Учитель объяснял свое поведение так: «Не ищи переживаний и не привязывайся к ним. Ты пытаешься схватить то, что не может быть схвачено. Будь нормальным. Будь естественным. Не привязывайся к состояниям счастья. Если ты будешь делать это, ты просто создашь себе больше желаний».
После того как Ом Пракаш прочитал этот рассказ, он прокомментировал его следующим образом:
В то время Пападжи обычно не позволял людям сидеть перед ним с закрытыми глазами. Раман был исключением. Он регулярно входил в эти самадхи или йогические трансы, и Пападжи разрешал ему находиться в них часами. Раман, видимо, в этих состояниях утрачивал представление о времени, поскольку у него было впечатление, что Пападжи выводил его из них сразу же, как только он в них входил. А я помню, что он регулярно оставался в них по нескольку часов кряду. Как сказал Раман, Пападжи в конце концов вмешивался, чтобы привести его в нормальное состояние. Он нажимал точку на макушке головы Рамана, и через несколько минут Раман вновь возвращался в нормальное состояние.
Однажды Пападжи сказал, после того как вернул его в обычное состояние: «На сегодня достаточно. Ты можешь продолжить завтра».
У меня не было ощущения, что Пападжи был против того, чтобы Раман входил в эти состояния. Он просто не хотел, чтобы он находился в них слишком долго.

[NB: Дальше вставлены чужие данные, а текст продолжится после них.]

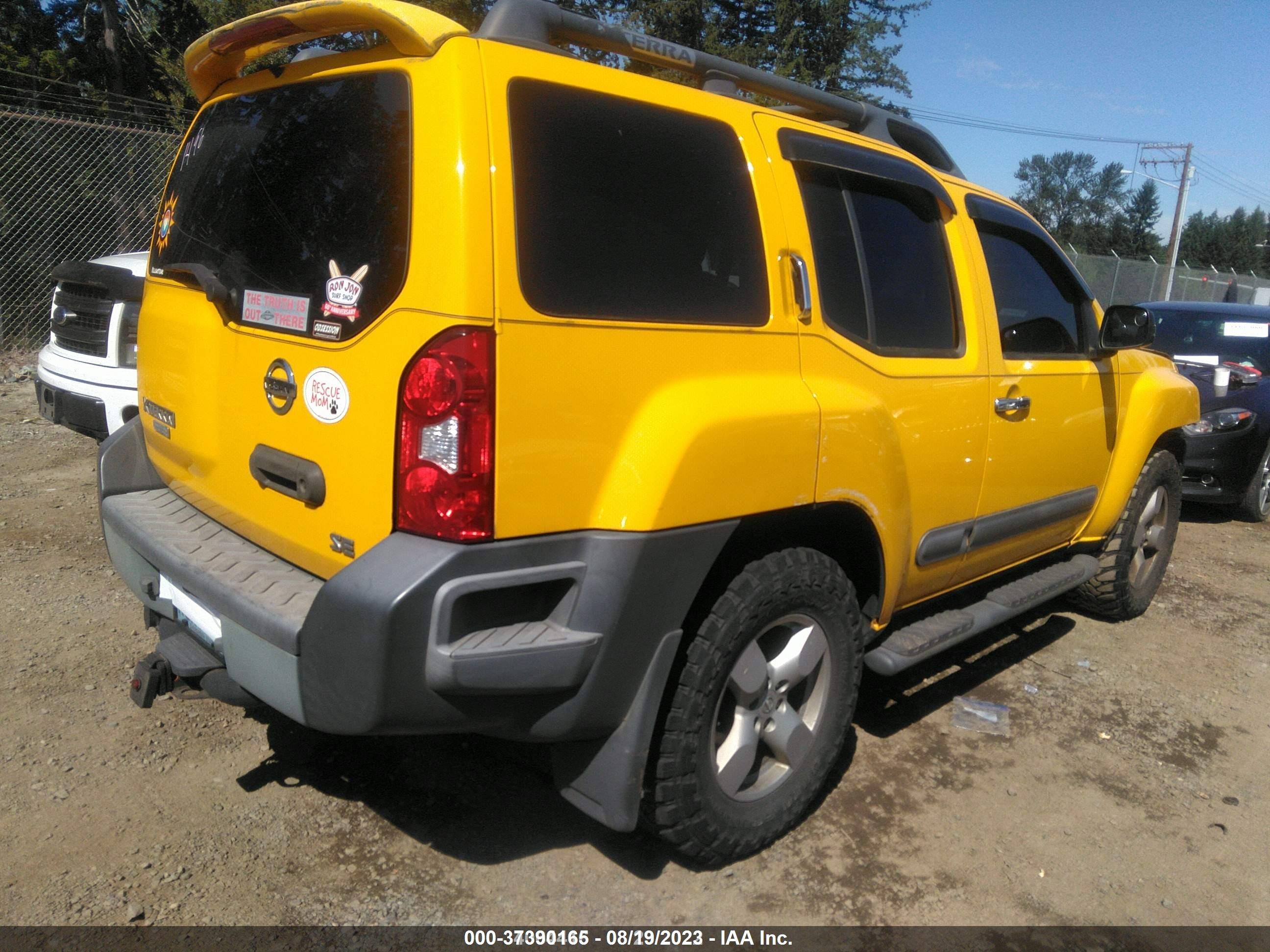 Photo 3 VIN: 5N1AN08W65C613725 - NISSAN XTERRA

Раман продолжает свой рассказ:
Учитель был безжалостен, когда нужно было смести чьи-либо представления или переживания. Хотя у меня и осталось много теплых воспоминаний о его любви и сострадании, когда я вспоминаю те годы, которые провел с ним, я неизменно помню его жестким, суровым разрушителем, который был всегда готов сокрушить любое проявление двойственности, если замечал таковое в своих учениках. Сейчас люди называют его Пападжи и считают его добрым, любящим дедушкой. Мне он никогда таким не казался. Для меня он был и всегда будет «учителем», со всеми атрибутами авторитета и благоговения, которые несет в себе это слово. Один французский ученик однажды сказал мне, что во Франции в 1970-х гг. учителя прозвали «мясником», из-за того, как безжалостно он отсекал все притязания, все представления, все отношения.

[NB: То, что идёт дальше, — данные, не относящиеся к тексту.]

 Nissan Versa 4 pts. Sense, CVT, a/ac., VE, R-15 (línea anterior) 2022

Во время некоторых наших более поздних визитов в Индию учитель приглашал нас к себе в Лакнау. После широких открытых пространств Харидвара Нархи сильно шокировал нас. Семейный дом учителя находился посреди многолюдного базара. Узкие улочки, по которым едва мог проехать автомобиль, вечно кишели шумной толпой пешеходов, рикш, повозок, торговцев и попрошаек.
Мы чувствовали, что нам оказали честь тем, что разрешили остановиться в его доме, потому что там едва хватало места для учителя и его семьи. Жасмин и я спали в зале на первом этаже, который днем служил гостиной. Жена учителя обычно спала в кухне на полу. У самого учителя была собственная комната наверху, а Сурендра [сын Пападжи], его жена Уша и их дети занимали остальную часть дома. Летом мы все спали на подстилках на крыше, так как жара внутри дома была невыносимой. Бетон днем накапливал солнечный жар, а ночью выделял его в комнаты. На потолках были вентиляторы, но они мало помогали.
Хотя мы часто проводили по нескольку месяцев в доме учителя, мы почти не общались с его семьей. Мы сидели с учителем в его комнате, в то время как остальные члены семьи занимались своими делами где-то еще. Только годы спустя мы как следует узнали Сурендру и Ушу. По вечерам приходили некоторые ученики учителя, жившие в Лакнау, но большую часть дня мы находились одни с ним, просто молча сидя в его присутствии. Основным его занятием дома было чтение. Каждое утро он внимательно читал утреннюю газету и письма, которые приходили ему. В течение дня, если у него было настроение, он брал духовную литературу и зачитывал нам отрывки из книги. Иногда нам везло, и он добавлял свои собственные комментарии.